The present study offers an important baseline for investigations on a larger spatial scale regarding the use of beaches and habitat selection by transient species, particularly when beaches are near to seabird breeding islands. Regardless of the limited spatial scale and absence of replicas of urbanization levels, our results have numerous implications for the management and conservation of sandy beaches at local and regional scales. First, birds have a higher conservation appeal than invertebrates (Miralles et al. 2019), which despite these biological groups being more studied and abundant on beaches, does not gain so much interest from the population (Schlacher et al. 2008; Harris et al. 2014). Thus, the choice of priority areas for conservation and beach zoning based on bird habitat selection data, including species that are endangered and considered charismatic, will certainly receive greater support from the general public and decision makers (Maguire et al. 2011). Moreover, controlled ecotourism activities in urban areas, such as birdwatching, can surely contribute to the development of a biocentric behaviour and to the support of local environmental education projects, in addition to enabling opportunities for local economic activities and citizen science (Veríssimo et al. 2009; Fanini et al. 2021). Obviously, activities such as birdwatching and even feeding of synanthropic birds must be supported by previous studies that evaluate their ecological implications on individuals and ecosystems (Newsome and Rodger 2008.

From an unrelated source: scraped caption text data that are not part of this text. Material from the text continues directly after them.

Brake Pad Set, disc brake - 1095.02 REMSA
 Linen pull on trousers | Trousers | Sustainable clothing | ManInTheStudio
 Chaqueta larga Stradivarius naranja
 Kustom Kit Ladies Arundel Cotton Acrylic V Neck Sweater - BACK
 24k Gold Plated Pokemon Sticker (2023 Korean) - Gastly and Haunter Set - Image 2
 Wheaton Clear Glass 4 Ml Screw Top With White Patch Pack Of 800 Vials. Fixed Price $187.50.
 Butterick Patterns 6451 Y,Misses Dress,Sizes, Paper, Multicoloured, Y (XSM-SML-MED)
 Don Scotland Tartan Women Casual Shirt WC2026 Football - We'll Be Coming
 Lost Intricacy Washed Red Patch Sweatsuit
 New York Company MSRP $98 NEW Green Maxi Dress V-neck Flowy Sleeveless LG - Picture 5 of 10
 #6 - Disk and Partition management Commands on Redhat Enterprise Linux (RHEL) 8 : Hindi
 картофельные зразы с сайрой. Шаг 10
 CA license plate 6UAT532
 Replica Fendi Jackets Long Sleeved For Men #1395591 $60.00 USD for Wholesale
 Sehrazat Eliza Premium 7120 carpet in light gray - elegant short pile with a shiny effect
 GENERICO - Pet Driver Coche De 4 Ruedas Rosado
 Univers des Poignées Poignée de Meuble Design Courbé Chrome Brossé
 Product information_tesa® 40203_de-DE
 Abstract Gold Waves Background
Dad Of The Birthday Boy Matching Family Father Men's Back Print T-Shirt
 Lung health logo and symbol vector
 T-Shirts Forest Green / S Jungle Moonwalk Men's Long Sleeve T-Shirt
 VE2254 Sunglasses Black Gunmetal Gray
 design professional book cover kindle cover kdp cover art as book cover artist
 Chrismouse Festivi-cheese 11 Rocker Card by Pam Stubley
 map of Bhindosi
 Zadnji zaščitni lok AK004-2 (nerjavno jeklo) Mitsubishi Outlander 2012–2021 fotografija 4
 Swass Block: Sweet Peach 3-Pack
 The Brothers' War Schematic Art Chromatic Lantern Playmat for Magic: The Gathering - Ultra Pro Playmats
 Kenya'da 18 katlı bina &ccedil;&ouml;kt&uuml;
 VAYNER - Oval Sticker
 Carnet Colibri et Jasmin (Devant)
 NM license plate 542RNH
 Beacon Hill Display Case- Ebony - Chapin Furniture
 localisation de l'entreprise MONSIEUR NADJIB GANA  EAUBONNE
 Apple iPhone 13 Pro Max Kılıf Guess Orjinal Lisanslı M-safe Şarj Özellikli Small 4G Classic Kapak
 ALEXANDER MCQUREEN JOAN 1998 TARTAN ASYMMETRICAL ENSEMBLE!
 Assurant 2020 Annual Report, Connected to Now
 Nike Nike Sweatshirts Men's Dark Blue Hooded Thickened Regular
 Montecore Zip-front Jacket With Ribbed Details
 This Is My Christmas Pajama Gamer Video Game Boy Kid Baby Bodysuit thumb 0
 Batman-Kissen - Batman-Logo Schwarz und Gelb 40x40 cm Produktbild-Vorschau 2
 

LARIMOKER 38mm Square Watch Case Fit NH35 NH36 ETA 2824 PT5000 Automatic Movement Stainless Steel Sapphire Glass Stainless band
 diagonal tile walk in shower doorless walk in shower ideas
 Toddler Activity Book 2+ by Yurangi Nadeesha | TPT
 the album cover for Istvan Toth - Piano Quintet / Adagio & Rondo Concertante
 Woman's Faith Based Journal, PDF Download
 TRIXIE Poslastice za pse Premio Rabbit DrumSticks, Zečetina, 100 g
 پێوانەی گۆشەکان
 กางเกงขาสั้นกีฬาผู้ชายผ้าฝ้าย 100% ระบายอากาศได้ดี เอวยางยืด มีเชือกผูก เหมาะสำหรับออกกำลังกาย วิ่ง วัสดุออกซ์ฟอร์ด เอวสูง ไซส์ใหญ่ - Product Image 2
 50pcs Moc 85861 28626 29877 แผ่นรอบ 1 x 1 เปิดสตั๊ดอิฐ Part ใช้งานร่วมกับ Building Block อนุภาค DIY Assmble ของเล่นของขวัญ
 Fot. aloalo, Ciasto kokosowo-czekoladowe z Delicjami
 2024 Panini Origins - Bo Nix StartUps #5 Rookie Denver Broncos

In conclusion, the fine scale habitat selection carried out by the most abundant seabirds in the study area was regulated mainly according to the impact of urbanization and recreational activities. Human disturbance suppresses the brown booby’s use of the habitat patches with more food resources and that are closer to nesting islands. In turn, synanthropic species such as kelp gulls aggregate in areas with greater human presence, benefitting from gentler hydrodynamics. Here we suggest the use of seabirds as study models for the classical hypotheses that determine sandy beach ecology and habitat selection. This recommendation is based on the potential of these birds to support conservation projects and gain community support through environmental education actions, ecotourism, and citizen science. This can be a viable solution for the development of a biocentric perspective on sandy beaches, going beyond the delivery of ecosystem services related exclusively to recreation.